苦しむ人々に寄り添って生きた潔い軌跡

岡部伊都子さんの年代記「婦人画報」が特集


 1人の女性として、日本の侵略戦争の原罪を背負い、そこから決して目を背けず50年あまり執筆し、発言し続けてきた文筆家・岡部伊都子さんは今年80歳を迎えた。「婦人画報」9月号は、平和を愛する人々の間に圧倒的な支持者を持つ岡部さんの年代記(クロニクル)を16ページにわたって特集している。

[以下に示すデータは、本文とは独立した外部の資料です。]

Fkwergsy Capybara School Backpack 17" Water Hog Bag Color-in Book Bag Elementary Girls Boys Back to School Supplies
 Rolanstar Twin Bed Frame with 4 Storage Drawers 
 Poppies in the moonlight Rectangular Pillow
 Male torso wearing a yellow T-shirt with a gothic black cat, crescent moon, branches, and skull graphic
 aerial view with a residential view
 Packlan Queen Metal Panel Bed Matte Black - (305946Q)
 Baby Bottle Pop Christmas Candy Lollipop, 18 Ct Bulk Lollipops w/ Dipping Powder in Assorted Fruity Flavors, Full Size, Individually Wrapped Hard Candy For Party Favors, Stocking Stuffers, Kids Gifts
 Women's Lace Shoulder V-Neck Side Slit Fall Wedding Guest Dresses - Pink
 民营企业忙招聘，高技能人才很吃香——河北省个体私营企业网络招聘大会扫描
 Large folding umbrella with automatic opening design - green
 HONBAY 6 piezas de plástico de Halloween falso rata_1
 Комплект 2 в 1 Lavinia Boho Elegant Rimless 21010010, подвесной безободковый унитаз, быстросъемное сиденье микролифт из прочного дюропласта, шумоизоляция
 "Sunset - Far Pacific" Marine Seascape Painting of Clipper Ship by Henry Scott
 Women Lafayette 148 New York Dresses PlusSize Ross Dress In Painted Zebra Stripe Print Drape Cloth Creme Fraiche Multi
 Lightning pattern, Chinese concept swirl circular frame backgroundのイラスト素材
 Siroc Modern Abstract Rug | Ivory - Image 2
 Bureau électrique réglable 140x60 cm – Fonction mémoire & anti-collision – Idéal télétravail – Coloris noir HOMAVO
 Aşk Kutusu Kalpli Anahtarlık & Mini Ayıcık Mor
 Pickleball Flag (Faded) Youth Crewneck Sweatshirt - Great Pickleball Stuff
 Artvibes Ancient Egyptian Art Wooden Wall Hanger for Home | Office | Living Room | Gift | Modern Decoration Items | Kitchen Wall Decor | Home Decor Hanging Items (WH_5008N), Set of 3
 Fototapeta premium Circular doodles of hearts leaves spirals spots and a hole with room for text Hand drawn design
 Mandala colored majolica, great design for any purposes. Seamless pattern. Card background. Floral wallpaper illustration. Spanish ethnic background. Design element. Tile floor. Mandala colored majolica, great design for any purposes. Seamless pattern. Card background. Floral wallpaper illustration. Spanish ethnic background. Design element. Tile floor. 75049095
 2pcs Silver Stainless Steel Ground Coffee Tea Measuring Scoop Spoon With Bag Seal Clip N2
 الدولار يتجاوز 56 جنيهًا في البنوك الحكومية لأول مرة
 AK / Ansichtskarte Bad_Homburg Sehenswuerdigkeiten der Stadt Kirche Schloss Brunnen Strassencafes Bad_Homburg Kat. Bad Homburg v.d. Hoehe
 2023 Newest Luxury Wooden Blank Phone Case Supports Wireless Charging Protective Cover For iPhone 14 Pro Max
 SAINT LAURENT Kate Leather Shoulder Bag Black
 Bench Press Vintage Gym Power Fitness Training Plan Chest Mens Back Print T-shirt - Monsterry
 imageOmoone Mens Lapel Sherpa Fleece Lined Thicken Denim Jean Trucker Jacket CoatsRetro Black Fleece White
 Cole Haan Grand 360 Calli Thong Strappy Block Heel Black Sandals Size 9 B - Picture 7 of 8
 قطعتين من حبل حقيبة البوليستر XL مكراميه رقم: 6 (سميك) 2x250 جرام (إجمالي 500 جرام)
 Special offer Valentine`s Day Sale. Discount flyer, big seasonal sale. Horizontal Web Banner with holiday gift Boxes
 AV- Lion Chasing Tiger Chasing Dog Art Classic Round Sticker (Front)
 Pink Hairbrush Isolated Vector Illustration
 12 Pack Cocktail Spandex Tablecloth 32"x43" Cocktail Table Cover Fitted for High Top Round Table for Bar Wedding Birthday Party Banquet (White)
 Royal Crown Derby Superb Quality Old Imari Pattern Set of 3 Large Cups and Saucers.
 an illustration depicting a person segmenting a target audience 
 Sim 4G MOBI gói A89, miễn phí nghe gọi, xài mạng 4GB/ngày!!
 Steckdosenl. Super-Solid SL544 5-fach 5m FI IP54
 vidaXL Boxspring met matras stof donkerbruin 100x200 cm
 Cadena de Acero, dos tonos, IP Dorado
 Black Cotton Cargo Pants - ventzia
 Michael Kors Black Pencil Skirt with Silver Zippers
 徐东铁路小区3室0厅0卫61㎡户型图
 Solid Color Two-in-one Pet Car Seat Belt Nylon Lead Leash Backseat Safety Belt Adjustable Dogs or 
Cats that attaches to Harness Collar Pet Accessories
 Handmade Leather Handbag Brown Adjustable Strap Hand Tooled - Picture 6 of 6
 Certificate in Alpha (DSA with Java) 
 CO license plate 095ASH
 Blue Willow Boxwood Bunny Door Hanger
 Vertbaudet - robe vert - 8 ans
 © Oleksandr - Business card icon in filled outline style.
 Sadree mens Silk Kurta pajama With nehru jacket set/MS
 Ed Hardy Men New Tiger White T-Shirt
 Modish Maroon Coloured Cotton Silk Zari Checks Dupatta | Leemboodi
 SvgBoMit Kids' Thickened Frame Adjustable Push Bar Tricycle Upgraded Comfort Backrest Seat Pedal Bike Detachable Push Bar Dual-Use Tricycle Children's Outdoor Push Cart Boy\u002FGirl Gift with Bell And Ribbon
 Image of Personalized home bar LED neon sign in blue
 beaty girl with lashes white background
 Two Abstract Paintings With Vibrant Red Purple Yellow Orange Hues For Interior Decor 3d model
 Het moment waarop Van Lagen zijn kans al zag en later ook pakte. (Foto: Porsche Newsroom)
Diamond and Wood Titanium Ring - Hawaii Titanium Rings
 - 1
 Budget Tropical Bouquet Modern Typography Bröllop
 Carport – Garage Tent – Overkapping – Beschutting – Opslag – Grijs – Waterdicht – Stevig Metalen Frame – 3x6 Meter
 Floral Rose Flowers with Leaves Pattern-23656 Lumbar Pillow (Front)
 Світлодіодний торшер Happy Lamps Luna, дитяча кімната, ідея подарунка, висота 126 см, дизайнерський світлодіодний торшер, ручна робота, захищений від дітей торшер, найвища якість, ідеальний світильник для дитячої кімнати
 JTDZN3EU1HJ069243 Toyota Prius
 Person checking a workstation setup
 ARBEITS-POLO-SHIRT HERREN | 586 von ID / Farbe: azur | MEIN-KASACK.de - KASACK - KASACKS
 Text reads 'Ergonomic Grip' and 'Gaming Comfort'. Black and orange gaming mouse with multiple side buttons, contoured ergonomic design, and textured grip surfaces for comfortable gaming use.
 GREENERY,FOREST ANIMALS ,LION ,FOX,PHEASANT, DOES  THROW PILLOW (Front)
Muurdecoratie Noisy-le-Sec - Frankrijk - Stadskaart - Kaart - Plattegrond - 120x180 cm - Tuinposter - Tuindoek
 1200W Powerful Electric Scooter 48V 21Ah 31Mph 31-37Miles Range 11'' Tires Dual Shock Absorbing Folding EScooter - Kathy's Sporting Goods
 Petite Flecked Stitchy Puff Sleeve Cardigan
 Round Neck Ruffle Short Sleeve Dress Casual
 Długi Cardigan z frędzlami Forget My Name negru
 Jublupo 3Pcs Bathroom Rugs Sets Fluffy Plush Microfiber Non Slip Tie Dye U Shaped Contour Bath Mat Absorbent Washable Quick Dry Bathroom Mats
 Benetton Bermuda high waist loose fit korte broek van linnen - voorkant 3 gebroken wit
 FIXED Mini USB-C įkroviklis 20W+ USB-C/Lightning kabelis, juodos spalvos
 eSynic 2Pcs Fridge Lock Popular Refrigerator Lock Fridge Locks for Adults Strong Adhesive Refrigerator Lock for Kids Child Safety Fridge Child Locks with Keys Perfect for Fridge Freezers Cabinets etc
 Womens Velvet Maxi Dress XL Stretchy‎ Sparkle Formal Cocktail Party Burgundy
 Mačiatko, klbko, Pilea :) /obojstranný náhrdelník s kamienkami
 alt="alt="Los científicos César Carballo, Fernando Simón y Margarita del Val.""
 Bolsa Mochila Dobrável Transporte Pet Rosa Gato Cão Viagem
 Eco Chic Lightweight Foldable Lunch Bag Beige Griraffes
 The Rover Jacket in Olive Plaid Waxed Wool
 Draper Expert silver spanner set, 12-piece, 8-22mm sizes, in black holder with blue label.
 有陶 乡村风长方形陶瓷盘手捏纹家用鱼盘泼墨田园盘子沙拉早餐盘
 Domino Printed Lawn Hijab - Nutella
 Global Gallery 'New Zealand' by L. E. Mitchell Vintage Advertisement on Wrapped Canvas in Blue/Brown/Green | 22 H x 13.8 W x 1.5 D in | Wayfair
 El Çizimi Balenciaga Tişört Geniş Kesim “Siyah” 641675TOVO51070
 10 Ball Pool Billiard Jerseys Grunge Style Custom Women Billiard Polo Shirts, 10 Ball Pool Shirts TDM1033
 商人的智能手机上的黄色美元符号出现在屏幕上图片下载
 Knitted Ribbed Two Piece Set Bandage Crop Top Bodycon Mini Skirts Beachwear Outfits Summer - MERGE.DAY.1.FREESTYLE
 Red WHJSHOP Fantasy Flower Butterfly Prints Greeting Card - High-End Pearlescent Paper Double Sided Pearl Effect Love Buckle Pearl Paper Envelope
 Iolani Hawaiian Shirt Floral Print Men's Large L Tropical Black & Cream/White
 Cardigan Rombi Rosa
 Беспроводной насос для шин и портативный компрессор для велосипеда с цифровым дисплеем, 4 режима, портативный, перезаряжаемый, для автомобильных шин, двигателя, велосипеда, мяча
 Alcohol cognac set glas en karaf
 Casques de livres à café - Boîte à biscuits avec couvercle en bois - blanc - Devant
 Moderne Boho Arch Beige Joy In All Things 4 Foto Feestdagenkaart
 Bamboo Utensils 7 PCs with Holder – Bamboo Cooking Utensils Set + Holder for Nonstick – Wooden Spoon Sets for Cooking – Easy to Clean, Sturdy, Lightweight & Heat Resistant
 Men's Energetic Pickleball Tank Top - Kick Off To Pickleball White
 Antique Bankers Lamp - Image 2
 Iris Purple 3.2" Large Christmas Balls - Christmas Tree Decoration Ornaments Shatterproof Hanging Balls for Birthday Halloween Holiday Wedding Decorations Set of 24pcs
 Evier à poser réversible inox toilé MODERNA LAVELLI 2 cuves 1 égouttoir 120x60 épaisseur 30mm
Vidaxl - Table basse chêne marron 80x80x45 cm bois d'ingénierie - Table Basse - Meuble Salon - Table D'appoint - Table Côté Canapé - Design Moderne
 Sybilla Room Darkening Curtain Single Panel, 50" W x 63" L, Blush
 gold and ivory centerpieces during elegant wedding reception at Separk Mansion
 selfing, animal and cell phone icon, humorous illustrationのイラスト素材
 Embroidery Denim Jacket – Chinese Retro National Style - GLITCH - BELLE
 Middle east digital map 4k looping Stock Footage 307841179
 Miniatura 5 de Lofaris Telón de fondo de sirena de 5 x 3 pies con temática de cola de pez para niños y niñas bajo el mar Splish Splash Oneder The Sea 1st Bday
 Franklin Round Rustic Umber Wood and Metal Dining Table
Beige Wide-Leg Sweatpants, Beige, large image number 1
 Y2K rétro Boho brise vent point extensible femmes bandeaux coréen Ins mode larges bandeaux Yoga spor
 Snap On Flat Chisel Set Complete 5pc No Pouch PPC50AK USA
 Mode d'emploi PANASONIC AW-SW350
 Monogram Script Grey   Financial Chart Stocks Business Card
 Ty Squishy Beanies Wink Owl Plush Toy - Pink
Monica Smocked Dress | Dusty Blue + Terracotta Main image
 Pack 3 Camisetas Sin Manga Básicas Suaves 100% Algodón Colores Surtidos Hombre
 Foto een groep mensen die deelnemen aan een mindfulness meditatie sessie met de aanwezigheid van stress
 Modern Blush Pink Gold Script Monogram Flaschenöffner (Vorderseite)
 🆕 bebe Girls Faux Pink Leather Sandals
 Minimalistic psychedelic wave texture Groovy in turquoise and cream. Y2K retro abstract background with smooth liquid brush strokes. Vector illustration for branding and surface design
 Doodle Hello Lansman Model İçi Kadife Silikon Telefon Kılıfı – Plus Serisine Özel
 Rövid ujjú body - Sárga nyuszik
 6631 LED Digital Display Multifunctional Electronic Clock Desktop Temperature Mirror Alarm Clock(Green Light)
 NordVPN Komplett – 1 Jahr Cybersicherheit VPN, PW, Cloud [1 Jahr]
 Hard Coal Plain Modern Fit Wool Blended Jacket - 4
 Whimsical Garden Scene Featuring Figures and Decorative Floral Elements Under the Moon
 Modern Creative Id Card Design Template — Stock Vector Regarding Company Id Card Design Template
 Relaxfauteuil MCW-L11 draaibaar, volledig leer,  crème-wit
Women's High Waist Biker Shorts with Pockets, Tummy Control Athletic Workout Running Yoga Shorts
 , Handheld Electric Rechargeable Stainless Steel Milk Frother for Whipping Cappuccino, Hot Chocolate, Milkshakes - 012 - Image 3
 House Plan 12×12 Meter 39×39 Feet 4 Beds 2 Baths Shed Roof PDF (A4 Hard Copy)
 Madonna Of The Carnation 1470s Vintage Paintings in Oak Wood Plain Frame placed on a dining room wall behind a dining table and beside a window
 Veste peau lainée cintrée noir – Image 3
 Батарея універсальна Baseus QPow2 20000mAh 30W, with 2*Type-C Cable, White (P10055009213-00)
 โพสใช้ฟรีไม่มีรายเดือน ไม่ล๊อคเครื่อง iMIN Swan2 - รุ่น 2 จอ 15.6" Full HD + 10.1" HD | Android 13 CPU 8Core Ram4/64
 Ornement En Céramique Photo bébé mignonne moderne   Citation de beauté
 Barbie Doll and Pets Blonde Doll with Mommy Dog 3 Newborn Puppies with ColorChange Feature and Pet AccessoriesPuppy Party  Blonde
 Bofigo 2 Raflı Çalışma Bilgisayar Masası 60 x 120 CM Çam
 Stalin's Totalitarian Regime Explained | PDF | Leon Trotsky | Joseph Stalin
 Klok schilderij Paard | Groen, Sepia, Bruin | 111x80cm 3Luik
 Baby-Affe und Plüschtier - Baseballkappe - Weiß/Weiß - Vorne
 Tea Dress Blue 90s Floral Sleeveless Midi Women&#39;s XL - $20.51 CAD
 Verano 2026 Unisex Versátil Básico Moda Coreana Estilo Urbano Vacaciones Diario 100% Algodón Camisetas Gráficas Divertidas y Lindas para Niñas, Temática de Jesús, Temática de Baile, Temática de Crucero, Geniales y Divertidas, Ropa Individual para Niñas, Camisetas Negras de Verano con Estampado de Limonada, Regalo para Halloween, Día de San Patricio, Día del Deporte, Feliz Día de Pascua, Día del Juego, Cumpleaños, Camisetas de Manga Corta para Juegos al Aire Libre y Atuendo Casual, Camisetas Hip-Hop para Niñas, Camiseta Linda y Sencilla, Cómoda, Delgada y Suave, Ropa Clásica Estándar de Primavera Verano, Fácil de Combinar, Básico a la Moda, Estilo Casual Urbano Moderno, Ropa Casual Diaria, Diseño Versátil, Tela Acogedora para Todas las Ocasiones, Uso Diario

 岡部さんは当代の名筆家。1954年以来、執筆生活に入った。暮らし、美術、伝統、自然などを、日々を生き、暮らす中から綴り、また、戦争、沖縄、差別、環境などに鋭い問題意識を持ち、執筆や講演を通じ発言を続けてきた。朝鮮の統一や在日朝鮮人の権利問題にも心を寄せ、さまざまな支援を惜しまない人でもある。現在著書は110余冊を数える。

 岡部さんの書くことの原点は戦争の犠牲者となった兄とそれに続く婚約者の「死」だった。出兵の直前、初めて2人きりになった部屋で婚約者は岡部さんにこう言った。「自分はこの戦争は間違いだと思っている。天皇陛下のおん為になんか、死ぬのはいやだ」。幼い時から結核で全身虚弱、うしろめたさを抱えていた岡部さんは、その彼の言葉を理解できず、「私なら喜んで死ぬけれども」と冷たく答え、戦地へと送り出した。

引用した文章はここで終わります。